_Requirement:_ The entries must be repeated verbatim, and their images left out.

_Supplied material:_
►
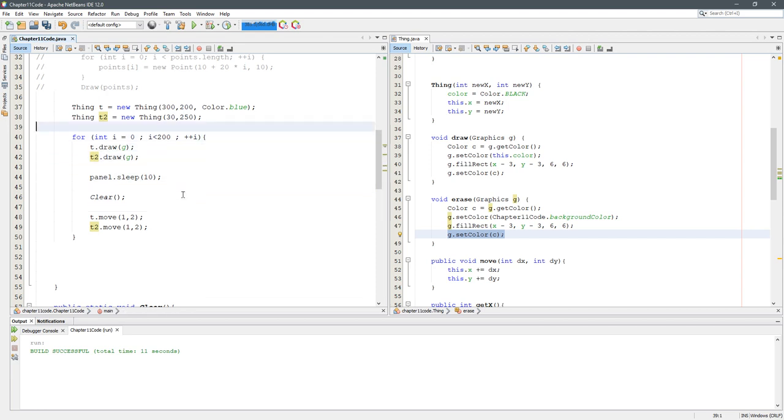Alright, so the next thing we're gonna do is make these objects a lot smarter by adding more methods, and then what we're gonna do is make more of them running around, bouncing off the walls.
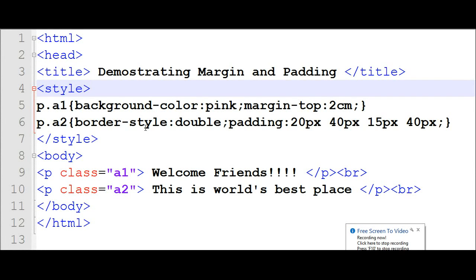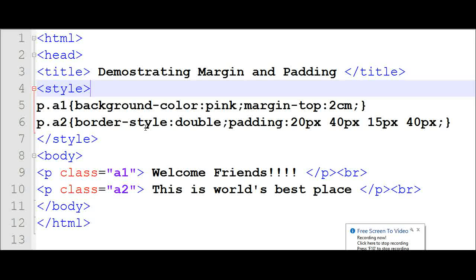Hello friends, now we will see how we can use margins and padding in an HTML document. First, I will explain why we are using margin and padding. Generally, margin clears the area around an element — it is a transparent area which is created around the element. For example, suppose I have a paragraph and from the top side I need some space to be clear, so I have to use margin.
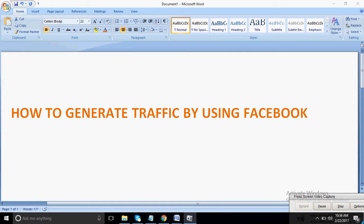Hello friends, this is Ashwini Bhatia. Today I am going to tell you how to generate traffic by using Facebook.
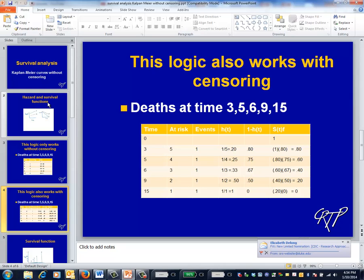This insight sets up an iterative calculation as illustrated in the table. The probability that the patient is alive at time three is simply the value of the survival curve at the previous time point. The probability that the patient dies at time three is the number of deaths during time three divided by the size of the risk set at that time. This is the estimated value of the hazard function.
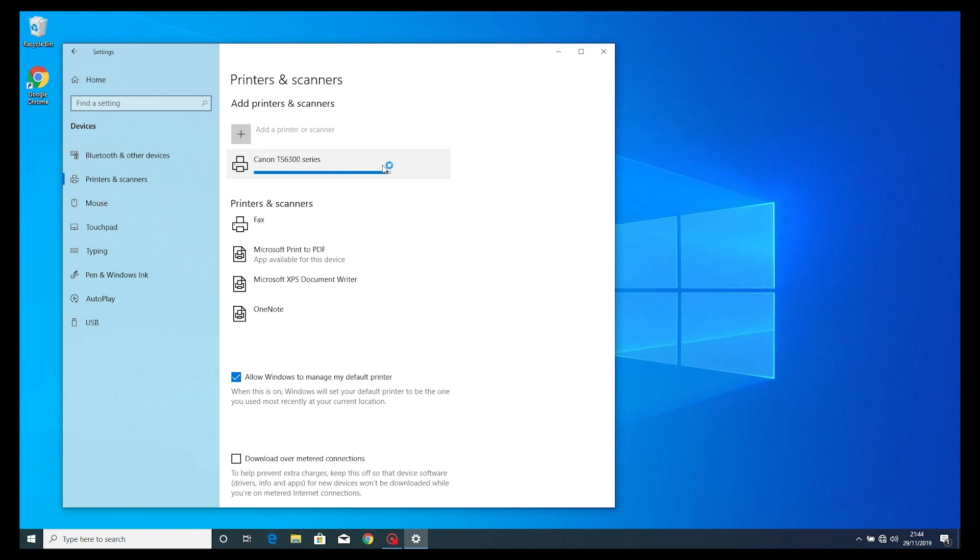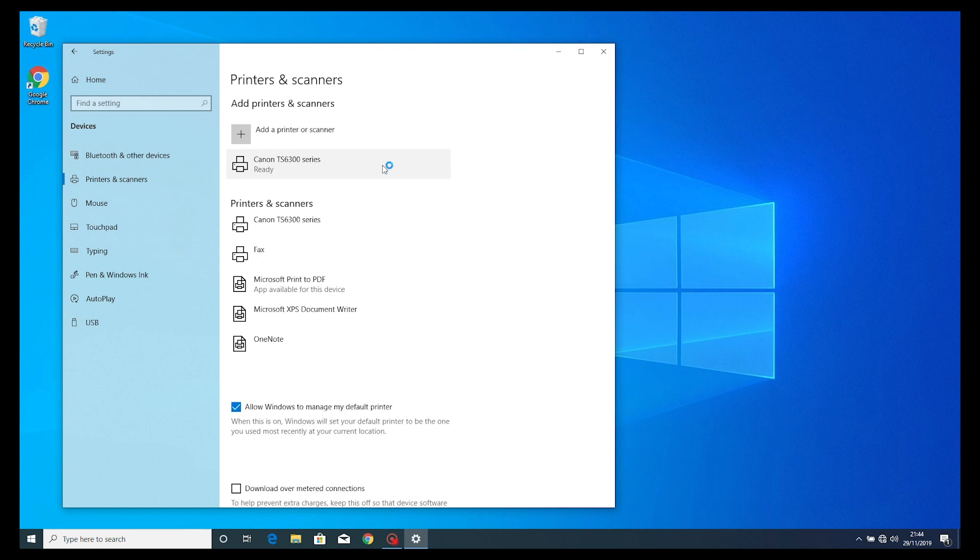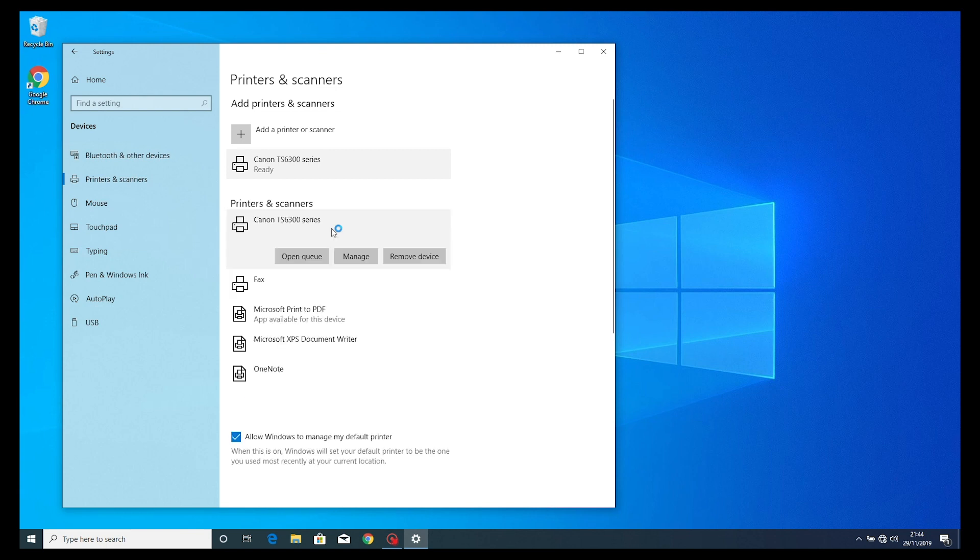You will now see the TS6300 series appear in the available printers and scanners menu. Select this option and select the manage button.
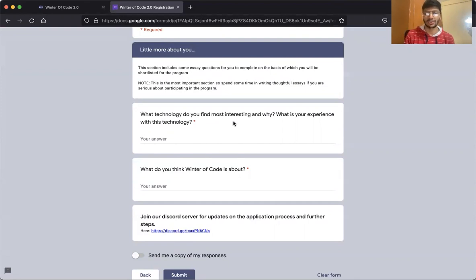Now I'm going to hand it over to Swamideep, who's going to tell you more about the timeline of the event. Between 10th November and 13th November, the WOC team reverts back to the selected candidates and onboards them. On 14th, there will be an interactive ice-breaking session between the selected students and their mentors. From 15th November 2021 to 15th January 2022, we'll have the coding period.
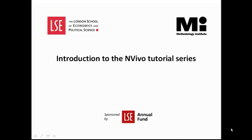Welcome to the Methodology Institute's NVivo video tutorial series sponsored by the LSE Annual Fund. This tutorial series offers an introduction to NVivo which will help you get started with using this software.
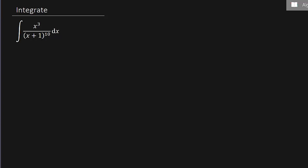Alright everybody, what's going on? I've got an integral problem here for you. We've got x cubed over x plus 1 to the 10th dx. So we've got something in parentheses raised to a power, so typically we'll let u equal what's inside those parentheses. Let's just try that and see what happens.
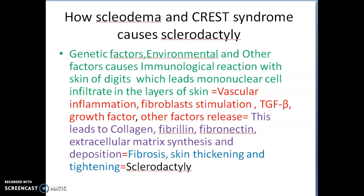Now I talk about how scleroderma and CREST syndrome cause sclerodactyly. There are some genetic factors, environmental factors, and other factors that cause an immunological reaction with the skin, which leads to mononuclear cell infiltrate in the layers of skin. This eventually causes vascular inflammation and fibroblast stimulation.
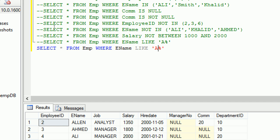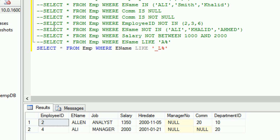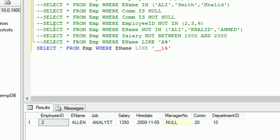If you want to search by the second character, use an underscore: SELECT * FROM employee WHERE employee_name LIKE '_l%'. The underscore skips the first character and checks the second — so Ellen and Ali are retrieved because their second character is L. If you want to search by the third character, use two underscores: '__l%'. Now only Ellen is returned.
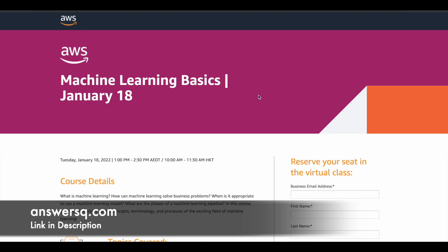And the third one is machine learning basics, which will be offered on January 18th 2022. And here they have given a time on AEDT and HKT. So convert this time to your local time zone.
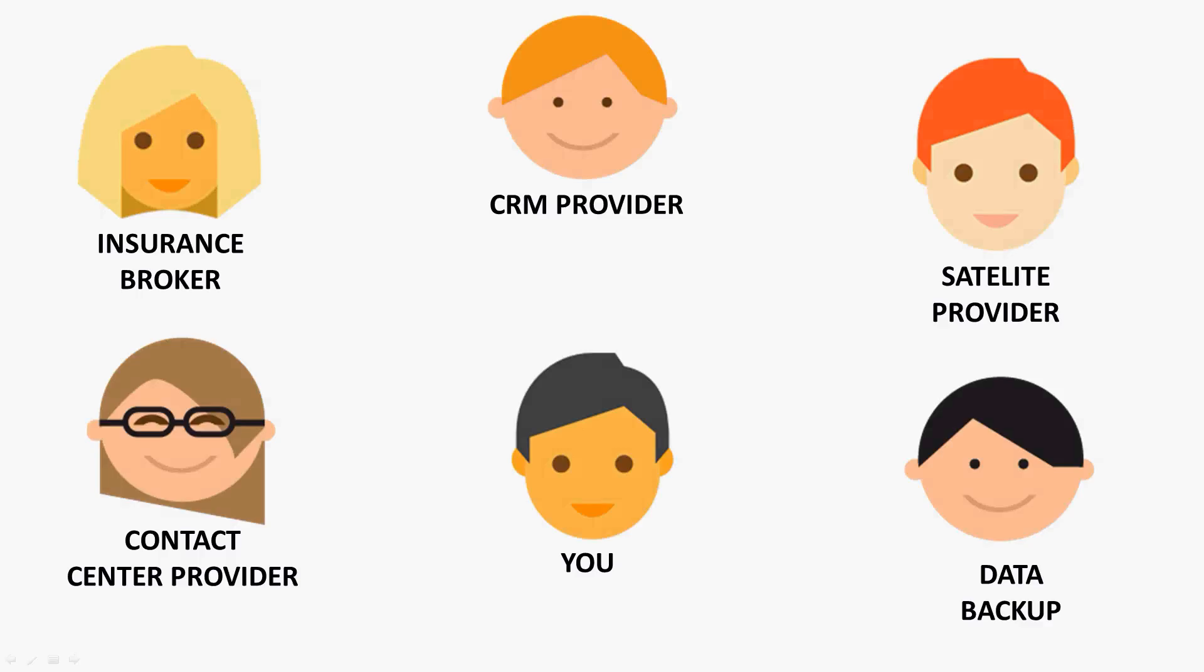This is just a simple example. But there would be six members here that would be working together to help make this all work. You would have an insurance broker, a CRM provider, a satellite provider, a data backup provider, a contact center provider, and yourself. Basically everyone here would be working together to create what we just discussed on those six items.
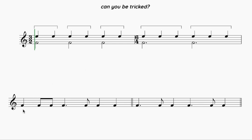If we counted quavers, it wouldn't work — there'd be 12 quavers in the bar, and if there are 12 quavers they have to be grouped in threes, giving four groups of three. But we've already broken that with the beaming shown here, so it's not twelve-eight — get that one out of your mind.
◄
_The completed task:_
Alright, so the next thing we're gonna do is make these objects a lot smarter by adding more methods, and then what we're gonna do is make more of them running around, bouncing off the walls.
Hello friends, now we will see how we can use margins and padding in an HTML document. First, I will explain why we are using margin and padding. Generally, margin clears the area around an element — it is a transparent area which is created around the element. For example, suppose I have a paragraph and from the top side I need some space to be clear, so I have to use margin.
Hello friends, this is Ashwini Bhatia. Today I am going to tell you how to generate traffic by using Facebook.
This insight sets up an iterative calculation as illustrated in the table. The probability that the patient is alive at time three is simply the value of the survival curve at the previous time point. The probability that the patient dies at time three is the number of deaths during time three divided by the size of the risk set at that time. This is the estimated value of the hazard function.
You will now see the TS6300 series appear in the available printers and scanners menu. Select this option and select the manage button.
Now I'm going to hand it over to Swamideep, who's going to tell you more about the timeline of the event. Between 10th November and 13th November, the WOC team reverts back to the selected candidates and onboards them. On 14th, there will be an interactive ice-breaking session between the selected students and their mentors. From 15th November 2021 to 15th January 2022, we'll have the coding period.
Welcome to the Methodology Institute's NVivo video tutorial series sponsored by the LSE Annual Fund. This tutorial series offers an introduction to NVivo which will help you get started with using this software.
Alright everybody, what's going on? I've got an integral problem here for you. We've got x cubed over x plus 1 to the 10th dx. So we've got something in parentheses raised to a power, so typically we'll let u equal what's inside those parentheses. Let's just try that and see what happens.
Now I talk about how scleroderma and CREST syndrome cause sclerodactyly. There are some genetic factors, environmental factors, and other factors that cause an immunological reaction with the skin, which leads to mononuclear cell infiltrate in the layers of skin. This eventually causes vascular inflammation and fibroblast stimulation.
If you want to search by the second character, use an underscore: SELECT * FROM employee WHERE employee_name LIKE '_l%'. The underscore skips the first character and checks the second — so Ellen and Ali are retrieved because their second character is L. If you want to search by the third character, use two underscores: '__l%'. Now only Ellen is returned.
And the third one is machine learning basics, which will be offered on January 18th 2022. And here they have given a time on AEDT and HKT. So convert this time to your local time zone.
This is just a simple example. But there would be six members here that would be working together to help make this all work. You would have an insurance broker, a CRM provider, a satellite provider, a data backup provider, a contact center provider, and yourself. Basically everyone here would be working together to create what we just discussed on those six items.
If we counted quavers, it wouldn't work — there'd be 12 quavers in the bar, and if there are 12 quavers they have to be grouped in threes, giving four groups of three. But we've already broken that with the beaming shown here, so it's not twelve-eight — get that one out of your mind.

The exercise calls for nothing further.